Write the data out again, word for word.
::::
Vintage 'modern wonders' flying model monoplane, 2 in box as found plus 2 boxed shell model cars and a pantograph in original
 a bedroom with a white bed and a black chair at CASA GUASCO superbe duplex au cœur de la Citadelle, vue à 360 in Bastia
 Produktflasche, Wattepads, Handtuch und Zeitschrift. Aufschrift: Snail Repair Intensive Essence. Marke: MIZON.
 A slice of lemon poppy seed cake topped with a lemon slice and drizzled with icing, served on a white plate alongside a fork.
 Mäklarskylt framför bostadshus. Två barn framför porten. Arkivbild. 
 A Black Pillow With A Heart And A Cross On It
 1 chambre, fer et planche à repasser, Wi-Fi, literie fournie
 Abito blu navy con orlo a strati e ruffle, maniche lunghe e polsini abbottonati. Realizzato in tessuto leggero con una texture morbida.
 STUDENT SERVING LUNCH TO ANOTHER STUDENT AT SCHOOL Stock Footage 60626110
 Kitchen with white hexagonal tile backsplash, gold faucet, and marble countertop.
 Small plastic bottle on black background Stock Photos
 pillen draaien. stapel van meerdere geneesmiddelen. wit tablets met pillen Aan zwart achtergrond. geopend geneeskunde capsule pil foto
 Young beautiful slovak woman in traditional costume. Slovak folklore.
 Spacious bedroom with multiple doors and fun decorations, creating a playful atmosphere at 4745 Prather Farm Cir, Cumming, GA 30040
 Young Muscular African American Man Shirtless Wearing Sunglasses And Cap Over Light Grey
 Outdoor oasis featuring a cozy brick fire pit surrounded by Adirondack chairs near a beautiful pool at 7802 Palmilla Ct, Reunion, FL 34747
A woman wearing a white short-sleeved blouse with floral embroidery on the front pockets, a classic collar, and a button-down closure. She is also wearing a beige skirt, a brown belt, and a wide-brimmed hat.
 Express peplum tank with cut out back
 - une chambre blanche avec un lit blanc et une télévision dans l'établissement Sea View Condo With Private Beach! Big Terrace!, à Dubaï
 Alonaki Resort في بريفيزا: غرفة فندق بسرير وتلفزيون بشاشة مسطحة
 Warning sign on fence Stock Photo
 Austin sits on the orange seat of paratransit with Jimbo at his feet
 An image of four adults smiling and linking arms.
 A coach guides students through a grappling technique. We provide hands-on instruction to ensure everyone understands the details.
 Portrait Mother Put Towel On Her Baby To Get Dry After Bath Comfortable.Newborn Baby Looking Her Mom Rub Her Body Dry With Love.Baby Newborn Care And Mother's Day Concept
::::
▶ FINISHED EXERCISE:
Vintage 'modern wonders' flying model monoplane, 2 in box as found plus 2 boxed shell model cars and a pantograph in original
 a bedroom with a white bed and a black chair at CASA GUASCO superbe duplex au cœur de la Citadelle, vue à 360 in Bastia
 Produktflasche, Wattepads, Handtuch und Zeitschrift. Aufschrift: Snail Repair Intensive Essence. Marke: MIZON.
 A slice of lemon poppy seed cake topped with a lemon slice and drizzled with icing, served on a white plate alongside a fork.
 Mäklarskylt framför bostadshus. Två barn framför porten. Arkivbild. 
 A Black Pillow With A Heart And A Cross On It
 1 chambre, fer et planche à repasser, Wi-Fi, literie fournie
 Abito blu navy con orlo a strati e ruffle, maniche lunghe e polsini abbottonati. Realizzato in tessuto leggero con una texture morbida.
 STUDENT SERVING LUNCH TO ANOTHER STUDENT AT SCHOOL Stock Footage 60626110
 Kitchen with white hexagonal tile backsplash, gold faucet, and marble countertop.
 Small plastic bottle on black background Stock Photos
 pillen draaien. stapel van meerdere geneesmiddelen. wit tablets met pillen Aan zwart achtergrond. geopend geneeskunde capsule pil foto
 Young beautiful slovak woman in traditional costume. Slovak folklore.
 Spacious bedroom with multiple doors and fun decorations, creating a playful atmosphere at 4745 Prather Farm Cir, Cumming, GA 30040
 Young Muscular African American Man Shirtless Wearing Sunglasses And Cap Over Light Grey
 Outdoor oasis featuring a cozy brick fire pit surrounded by Adirondack chairs near a beautiful pool at 7802 Palmilla Ct, Reunion, FL 34747
A woman wearing a white short-sleeved blouse with floral embroidery on the front pockets, a classic collar, and a button-down closure. She is also wearing a beige skirt, a brown belt, and a wide-brimmed hat.
 Express peplum tank with cut out back
 - une chambre blanche avec un lit blanc et une télévision dans l'établissement Sea View Condo With Private Beach! Big Terrace!, à Dubaï
 Alonaki Resort في بريفيزا: غرفة فندق بسرير وتلفزيون بشاشة مسطحة
 Warning sign on fence Stock Photo
 Austin sits on the orange seat of paratransit with Jimbo at his feet
 An image of four adults smiling and linking arms.
 A coach guides students through a grappling technique. We provide hands-on instruction to ensure everyone understands the details.
 Portrait Mother Put Towel On Her Baby To Get Dry After Bath Comfortable.Newborn Baby Looking Her Mom Rub Her Body Dry With Love.Baby Newborn Care And Mother's Day Concept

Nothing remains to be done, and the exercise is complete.